Ketua Umum APINDO Shinta Kamdani mengatakan saat ini jumlah UMKM di Indonesia mencapai 66 juta dan berkontribusi cukup tinggi ke Produk Domestik Bruto (PBD) sebesar 61%. Kendati begitu, Shinta menilai UMKM dalam negeri masih menghadapi sejumlah tantangan, termasuk minimnya keterhubungan UMKM dengan rantai pasok dan nilai tambah, baik domestik maupun global.
“Berdasarkan data Bappenas dan Kementerian UMKM, dari total UMKM yang ada, hanya 7% yang terhubung dengan rantai pasar domestik dan hanya 4% yang masuk dalam global value chain. Dibandingkan dengan negara lain di kawasan, angka ini masih sangat rendah,” kata Shinta dalam acara Diplomat Success Challenge, di Hallf Patiunus, Jakarta Selatan, Jumat (13/6/2025).
Selain itu, Shinta menilai porsi UMKM yang dapat ekspor juga masih terbatas, hanya sebesar 15,7%. Angka-angka di atas dinilai masih lebih rendah dibandingkan dengan negara tetangga, seperti Vietnam dan Thailand.
Sebagai pembanding, Shinta menyebut Vietnam berhasil mengumpulkan 20% pelaku UMKM masuk di pasar global. Di Thailand, UMKM yang telah melakukan ekspor mencapai 29%.
“Sebagai pembandingan Vietnam berhasil mengumpulkan 20% UMKM-nya di pasar global. Selain itu kontribusi UMKM yang ekspor nasional juga masih sangat berbatas hanya sebesar 15,7%. Kalau kita bandingkan dengan Thailand misalnya itu bisa sampai 29%,” terang Shinta.
Adapun tantangan lainnya, yakni akses yang terbatas ke sumber daya yang esensial. Berdasarkan survei yang dilakukan APINDO yang melibatkan lebih dari 2.000 perusahaan, 51% UMKM menghadapi keterbatasan dalam akses keuangan, modal, serta proses yang birokratis. Shinta menjelaskan UMKM juga masih menghadapi biaya pinjaman yang tinggi.
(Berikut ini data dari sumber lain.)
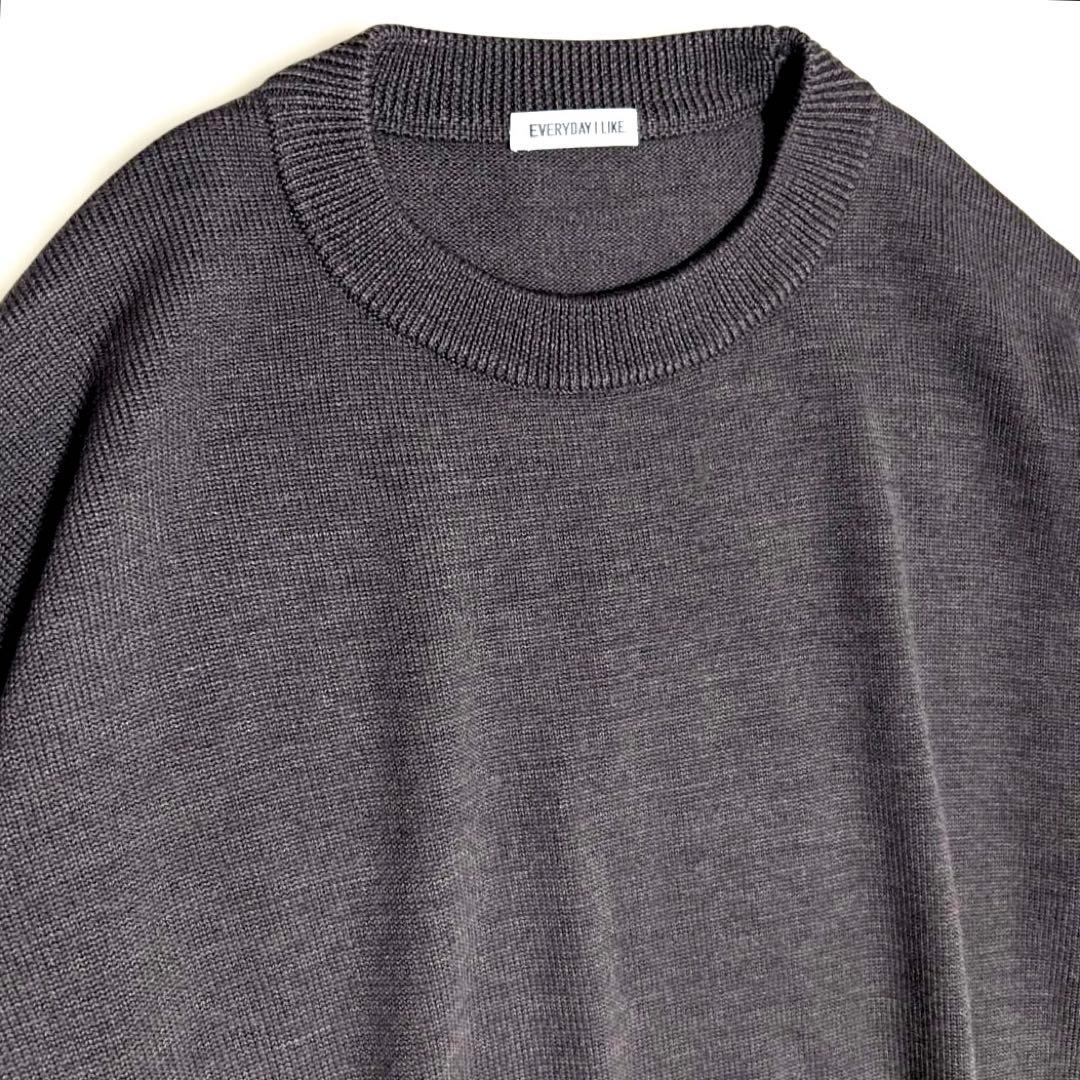 極美品/エブリデイアイライク定価3万ベーシックニット　クルーネック　ブラウン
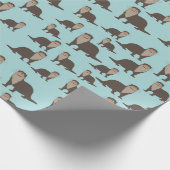 Cute Otter Illustration Pattern Cadeaupapier (Hoek)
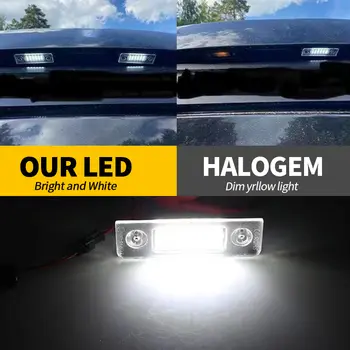 2個白色LED車牌燈,OEM編號1Z0943021,適用於Skoda明銳2改款車型(2009-2012)及Roomster 5J車型(2006-2010)。 10 最佳銷售 2006年式Skoda明銳 - №5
Masih berdasarkan hasil riset APINDO, lebih dari 80% UMKM masih bergantung pada pendanaan pribadi untuk memulai usahanya. Bahkan, sebanyak 35% UMKM mengungkapkan kesulitan dalam akses modal, pemasaran, hingga promosi. Tak hanya itu, saat ini hanya 9% UMKM yang mempunyai akses ke alat dan teknologi yang sesuai.
“Jadi ini mungkin juga masukan-masukan yang kami mau sampaikan ke Kementerian UMKM. Seperti biasa semua sudah ketahui, yang sekarang kita sama-sama cari adalah solusinya bagaimana supaya angka-angka ini bisa diperbaiki,” tambah Shinta.
Menurut Shinta, UMKM akan menjadi kekuatan nasional apabila pemerintah serta pengusaha juga membuka akses seluas-luasnya bagi siapapun yang ingin memulai perjalanan sebagai pelaku UMKM. Pembatasan akses, lanjut Shinta, bukanlah pilihan moral.
“Ketika setiap individu diberi ruang untuk tumbuh dan mencipta, kita akan melihat dengan sangat jelas bahwa kekuatan sejati ekonomi Indonesia doesn’t beside in the tower of capital, tapi di tangan puluhan juta UMKM yang bergerak serentak dan sabar sampai berakhir,” tutur Shinta.